Member of the Senate of the Republic
- In office 29 April 2008 – 13 October 2022
- Constituency: Liguria (2008–2018) Piedmont (2018–2022)

Member of the Chamber of Deputies
- In office 30 May 2001 – 28 April 2008
- Constituency: Liguria

Personal details
- Born: 20 May 1961 (age 64) Genoa, Italy
- Party: PCI (1989–1991) PDS (1991–1998) DS (1998–2007) Democratic Party (since 2007)
- Alma mater: University of Genoa

= Roberta Pinotti =

Italian politician (born 1961)

Roberta Pinotti (born 20 May 1961) is an Italian politician. A member of the Democratic Party, she served as the Italian Minister of Defence in the governments of Matteo Renzi and Paolo Gentiloni from 22 February 2014 to 1 June 2018.

== Early life ==
Pinotti was born in Genoa, in 1961; she holds a degree in modern literature at the University of Genoa and is a teacher of Italian in high schools. During her adolescence, she was a member of the Association of Italian Catholic Guides and Scouts.

==Political career==
Pinotti began her political career at the end of the 1980s as a district counselor of Italian Communist Party. She later joined the Democratic Party of the Left, the Democrats of the Left party (in which she held the position of provincial secretary between 1999 and 2001) and the Democratic Party. In her hometown she has served as councilor for school, youth policies and social policies (1993–1997) and for educational institutions (1997–1999).

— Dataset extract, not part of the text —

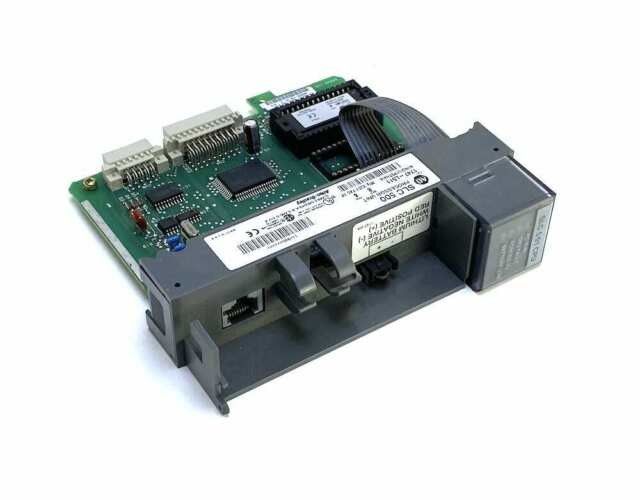 AB 1746-IA16 A ENTRÉ LE MODULE SLC 500 LES ENTRÉES 110-120 VCA NUMÉRIQUE DE 16 POINTS 16 50/60 HERTZ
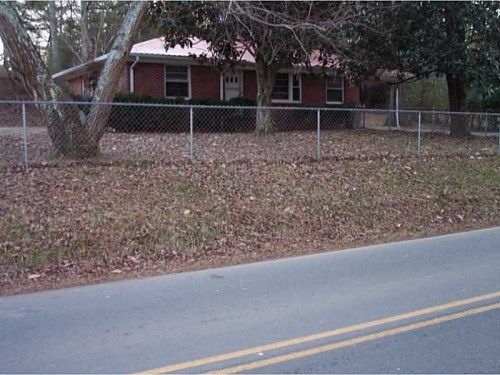206 Riverbend Road Sw, Plainville, GA 30733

First elected deputy in 2001, Pinotti was the shadow minister of defense in the Shadow Cabinet of Walter Veltroni between May 2008 and April 2009. In 2012 she was a candidate for the centre-left primary election to become Mayor of Genoa, but she arrived only third after the leftist Marco Doria and the upcoming Mayor Marta Vincenzi.

In 2013, Pinotti was appointed undersecretary of state (sottosegretario di Stato) in the Ministry of Defence in the government led by Enrico Letta. After her stint as Minister of Defence, Pinotti became a Senator of the Democratic Party of Italy.

===Minister of Defence===
When the new Secretary of the Democratic Party Matteo Renzi forced Letta to resign and became the new prime minister on 22 February 2014, he appointed Pinotti as Minister of Defence; she is the first woman to have ever held this office in Italy. Her first act was to meet the wives of the two Italian marines detained in India, due to the Enrica Lexie case. She received the America Award of the Italy-USA Foundation in 2014.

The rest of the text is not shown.